I think the mix of having two characters devastated by death at opposite ends of a person’s life, plus the romance, made for an interesting mix. Both Sean and Jonah keep their feelings about losing a child and parent respectively incredibly close to their chests. For me, this was sort of a double-edged sword. Being privy to both characters’ losses, I could instantly tell when one or the other was hiding their hurt feelings from the other. This builds a lot of tension into their relationship. The stakes in that relationship therefore grow bigger the deeper their connection grows. On the other side, I felt it ran uncomfortably close to the idea that one character’s pain was “worth” more than another’s. Specifically, when Sean accuses Jonah of being ignorant of the depth of Sean’s pain when Jonah finally learns that Sean’s daughter was stillborn. I don’t think the story storms right into stating that one is objectively worse than the other, but again, it felt pretty clear that’s at least partly how Sean felt. It was most bothersome for me because the narration isn’t first-person, so it’s harder to justify such feelings as coming straight from the character.
The romance was also very present on page. Personally, I wasn’t completely sold on the presentation. The early stages of Sean’s and Jonah’s attraction were a little cringey for me. The narration surrounding their interactions is frequently laced with sentiments that ranged from “Sean worked very hard to ignore the tingles buzzing under his skin and down his back” to “Sean […felt] a curious swell bubbling inside of his belly at the idea of how Jonah’s lips would feel against his own.” On the plus side, both Sean and Jonah seem to experience intense physical reactions to each other from the very beginning. If nothing else, this super clearly establishes them as love interests and helps build the tension of “when are they gonna admit they like each other.” Personally, however, I thought the frequency of these expositions shifted the focus a little too hard a little too fast on the desire for sexual intimacy.
While it’s clear both Jonah and Sean have suffered deep emotional losses, the story and the action therein does center more sharply on Sean’s loss. Given the author’s background in the back matter of the book and the simple temporal fact that Sean’s loss is more recent, I can understand this focus.

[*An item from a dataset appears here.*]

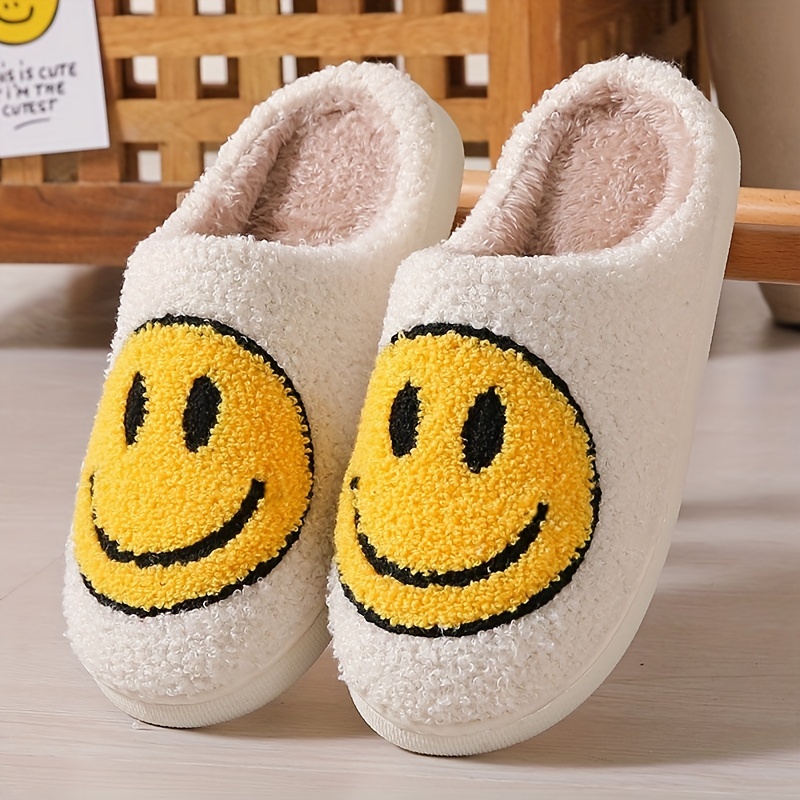 Women's Smile Face Pattern Slippers Plush Lined Slip On Shoes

That said, I was a little frustrated that I had to accept Jonah’s loss—one that made him give up his dreams and leave NY for TN—at face value, without really learning how or why Jonah’s father meant that much to him.
Overall, I think this story focuses very intimately on the aftermath of losing a child. Sean portrays deep devastation and loss and this book encompasses his journey to finding himself again, to learning how to love, and how to love himself again. Jonah is one of the best emotional anchors, offering acceptance and not demanding answers. Despite the age difference, I think both characters feel similarly situated in emotional maturity and experience. For readers who like following characters who fall in love with each other, but also learn to stand on their own, I think you’ll enjoy this story.